# [INSTRUCTIONS FOR THE TASK]
Exactly the lines from the one containing "Photo of property" through the end of the records must be reproduced; leave out all pictures.

++++ RECORDS FOR THIS EXERCISE ++++

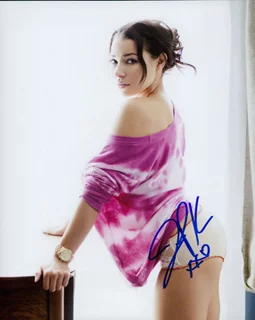 Jessica Parker Kennedy autograph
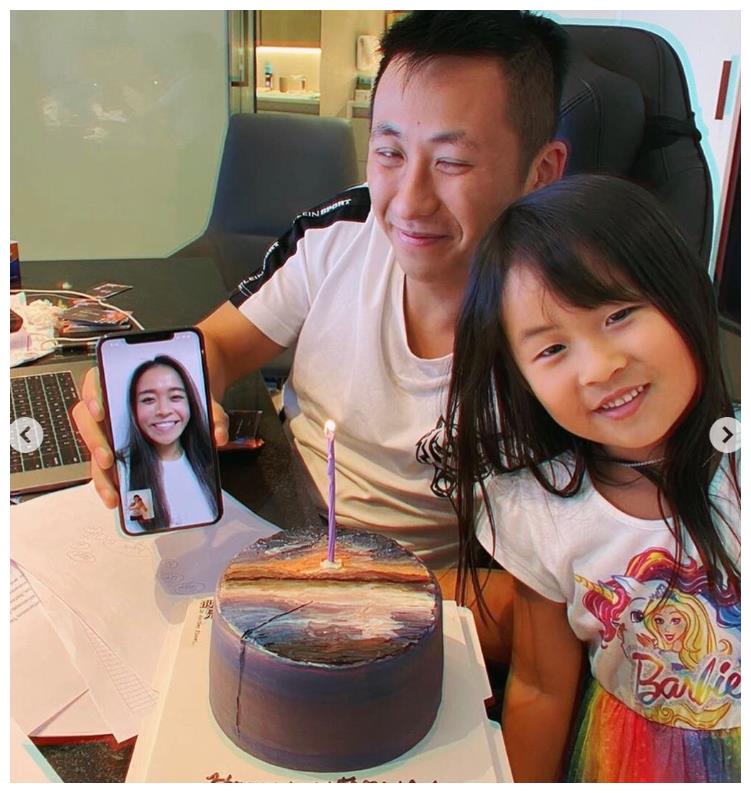 洗米华24岁儿子与女友隔空秀恩爱,女方比他大1岁,且身材更健硕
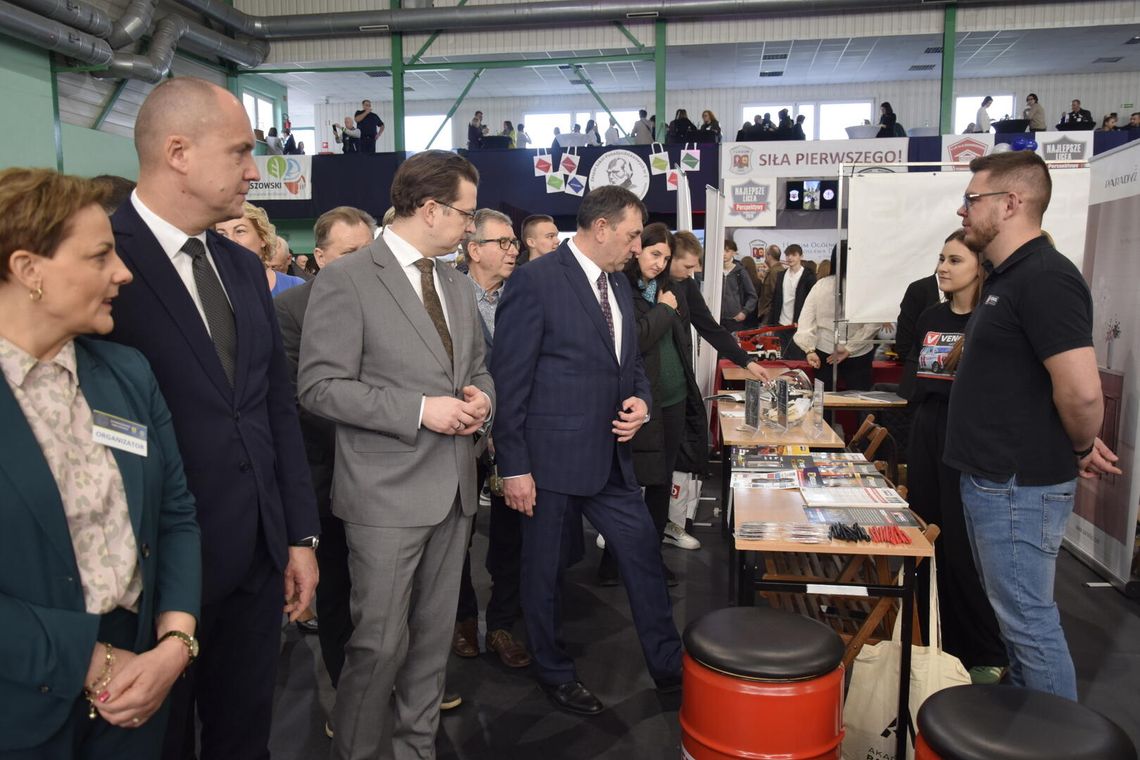 Tomaszów łączy szkoły z rynkiem pracy: VIII Targi Pracy i Edukacji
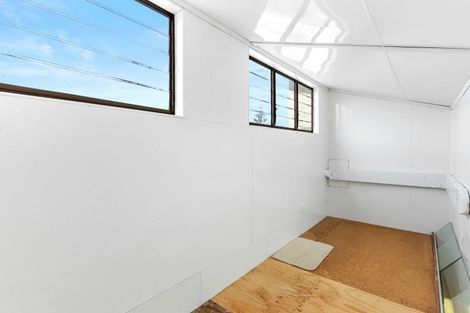 Photo of property in 3/31 The Parade, Bucklands Beach, Auckland, 2012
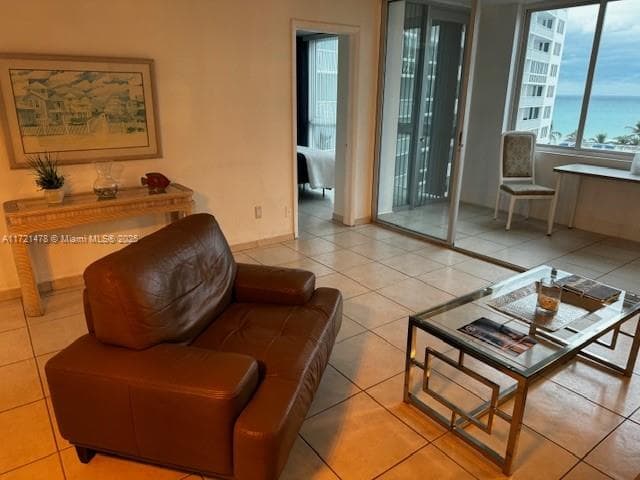 A11721478 — Miami Beach — 24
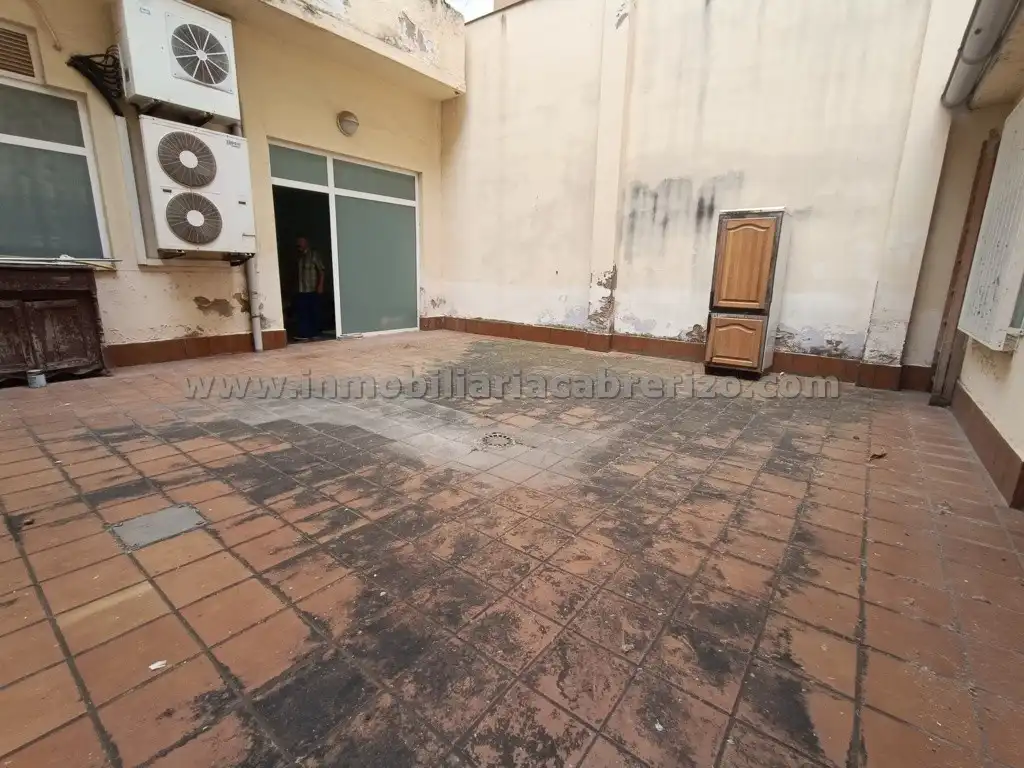 Vista exterior de Local en venta en  Logroño con Aire acondicionado, Calefacción y Terraza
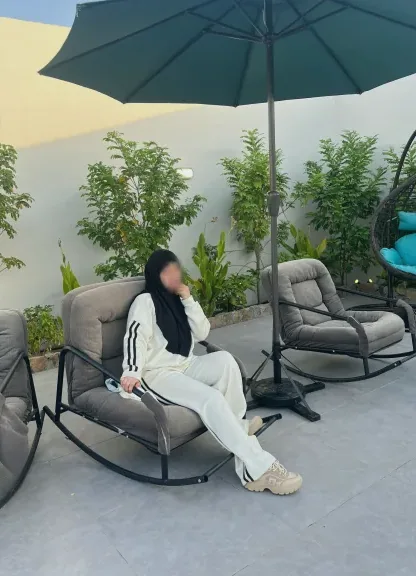 Helena, 26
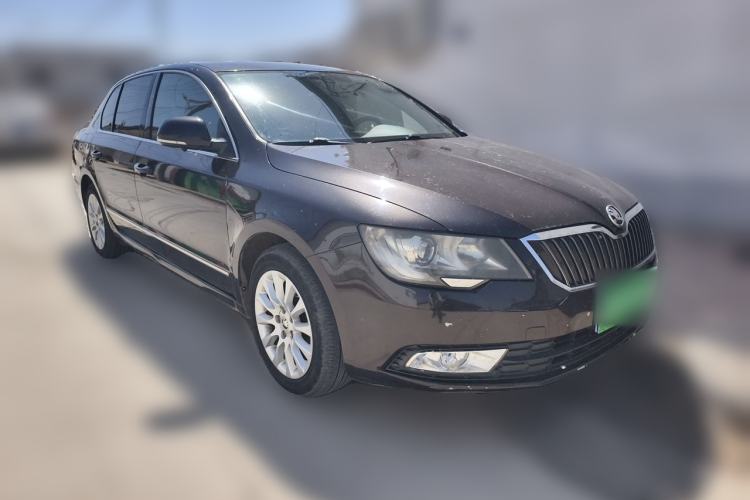 Used Skoda Superb 2013 1.4 TSI DSG Prestige Edition Front Right 45 Deg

++++

# [RESPONSE TO THIS EXERCISE]
 Photo of property in 3/31 The Parade, Bucklands Beach, Auckland, 2012
 A11721478 — Miami Beach — 24
 Vista exterior de Local en venta en  Logroño con Aire acondicionado, Calefacción y Terraza
 Helena, 26
 Used Skoda Superb 2013 1.4 TSI DSG Prestige Edition Front Right 45 Deg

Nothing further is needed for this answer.